George Segal’s sculpture, Gay Liberation, was commissioned as a tribute to the 1969 Stonewall riots. Two castings of the sculpture were made, with one originally intended for Christopher Park in Greenwich Village, New York and the other for Los Angeles. Opposition in New York, and a failure to have the monument approved in Los Angeles resulted in one casting installed at Stanford University and the other in Madison, Wisconsin, before eventually being relocated to its originally intended location in New York.

The monument has been controversial and subject to vandalism, both because it depicts same-sex couples, and because the depiction has been described as whitewashing Stonewall. Student editors in the class were able to expand the article in a way that brings the history and context of the sculpture into focus more clearly, and helps readers understand the relationship between the monument, what it was meant to depict, and what this depiction means now.

Jefferson Davis was president of the Confederate States of America, and the presence of a statue honoring him in the US Capitol has been controversial since its installation there in 1931 and bills for its removal have been introduced to Congress in 2017, 2020, and 2021. But before a student in this class started working on the article it was just a three-sentence stub with only the most basic information. This student editor was able to turn this article into a substantial, well-referenced one that is currently undergoing a review process with the aim of classifying it as a Good Article, one of Wikipedia’s best works.

The Stadio dei Marmi is a stadium in Rome which was originally built as part of the Foro Mussolini (now the Foro Italico) by Italy’s Fascist government in the 1920s. A student in this class was able to convert a short, stubby article into its current form by adding information about its design and the significance of the monumental architecture and decor employed and its relationship with Italian fascism. They also added information about subsequent use in the 1960 Olympics and continued use, and how that has been seen as a symbol of Italy’s failure to “come to terms with its role in World War II”.

The Schwerbelastungskörper is a large concrete cylinder in Berlin that was built as a test structure by Albert Speer in preparation for the construction of a triumphal arch honoring the victories of Nazi Germany.
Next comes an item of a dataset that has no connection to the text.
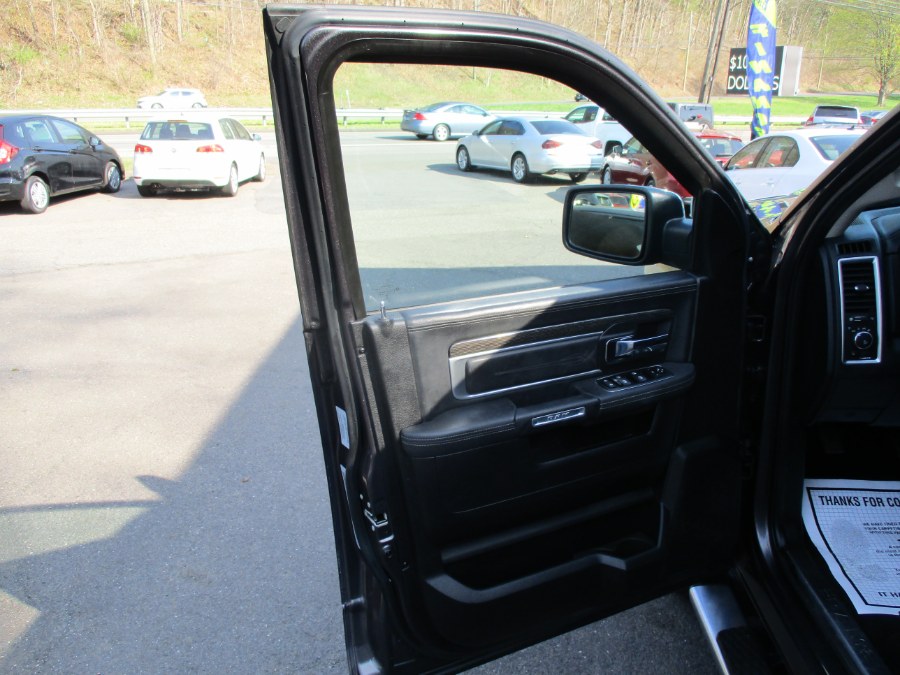 2015 RAM 1500 4WD Crew Cab 140.5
It is one of the few remnants of Hitler’s plan to remake the city and is a protected monument as the “only tangible relic of National Socialist urban planning”. By contextualizing the structure in terms of Nazi plans to remake Berlin, and describing its construction and public perception, the student editor who worked on this article added a lot to readers ability to understand the structure and its significance.
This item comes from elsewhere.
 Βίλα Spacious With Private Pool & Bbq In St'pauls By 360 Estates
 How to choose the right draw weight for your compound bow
Other students in the class improved on a range of monuments in the US, Italy, and Germany including the recently removed Robert E. Lee Monument in Richmond, Virginia, the Pioneer Monument in San Francisco, and the Lenin Monument in Berlin.

As the United States and much of the world struggles to reassess relationships with monuments like these, the contributions of this class help readers contextualize what’s currently happening. They are not only filling content gaps, they’re also filling gaps in terms of the information that people need.